Sunday, March 29, 2009

What's this? Rutabaga


Root vegetables are some of the most maligned of ingredients known to humankind. And the most reviled of the maligned? The turnip. For centuries, spurned by the well-to-do, the bitter, round, hard root was the staple of many a poor European family. That sulfurous stink probably arouses a certain revulsion and shame in many of my generation and the one preceding it.

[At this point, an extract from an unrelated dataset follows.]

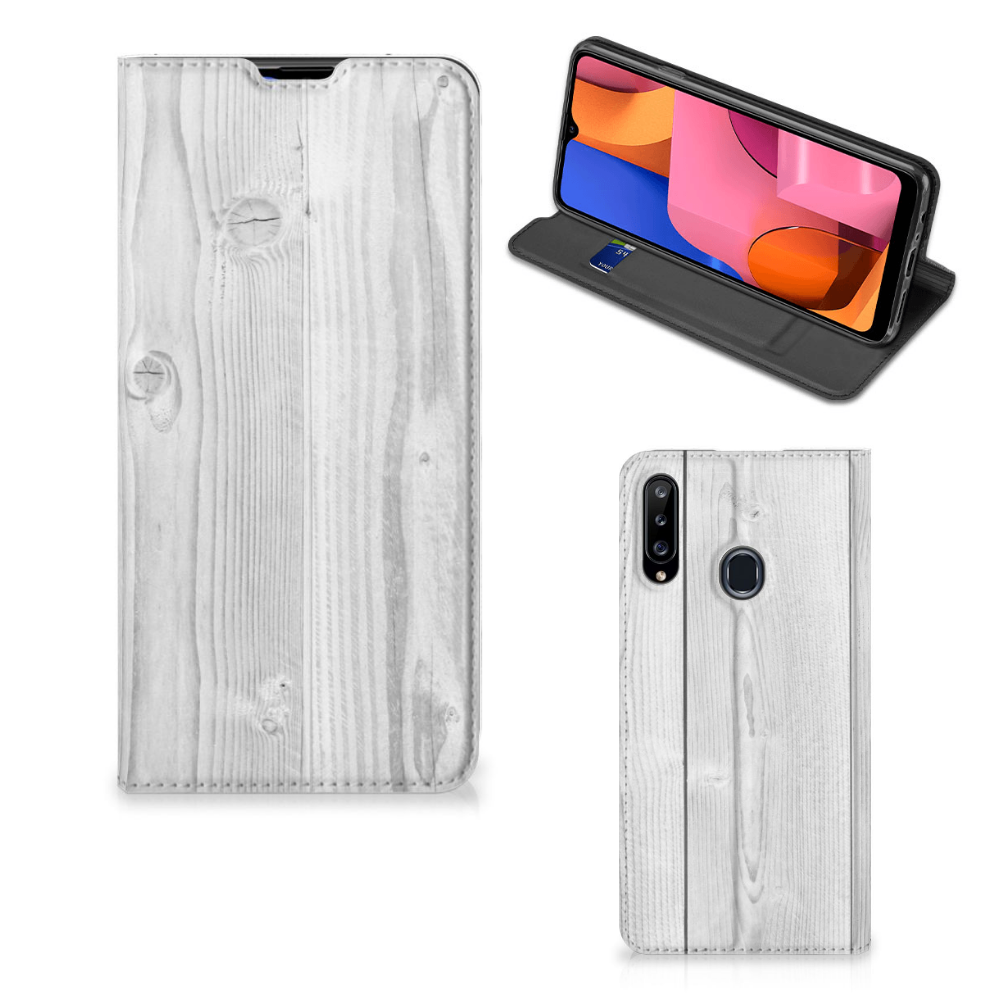 Samsung Galaxy A20s Book Wallet Case White Wood - B2C Telecom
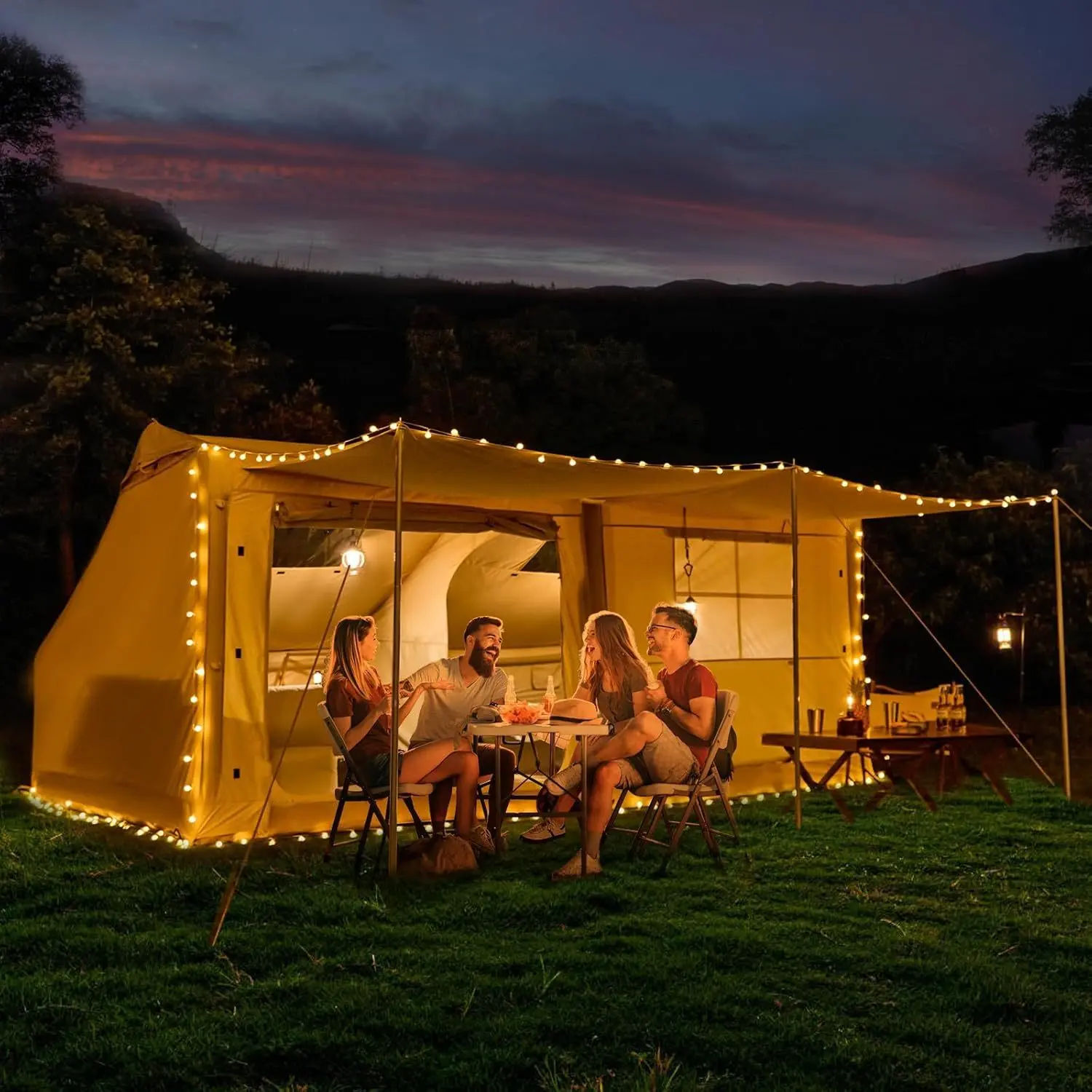 OYEROL Inflatable Tent for 4-10 People with Extended Canopy, Easy Setup Camping Tent, Enhanced Oxford, Glamping Cabin Featuring Mesh Windows & Pump, 1-2 Rooms, Suitable for All Seasons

The turnip’s biggest problem is being in the wrong place at the wrong time. Alas, like Cinderella’s ugliest of step-sisters, the turnip is the last to be chosen. Because the turnip keeps well, we often turn to it only when the growing season is over. Unfortunately, by this time, it’s past its prime. Precisely at the moment we are enjoying the delicacies of Spring or finishing up the last of Autumn’s offerings is when we should try the turnip. The gentle temperatures of Spring and Autumn produces one that's sweet and tender far from the hardened Winter variety.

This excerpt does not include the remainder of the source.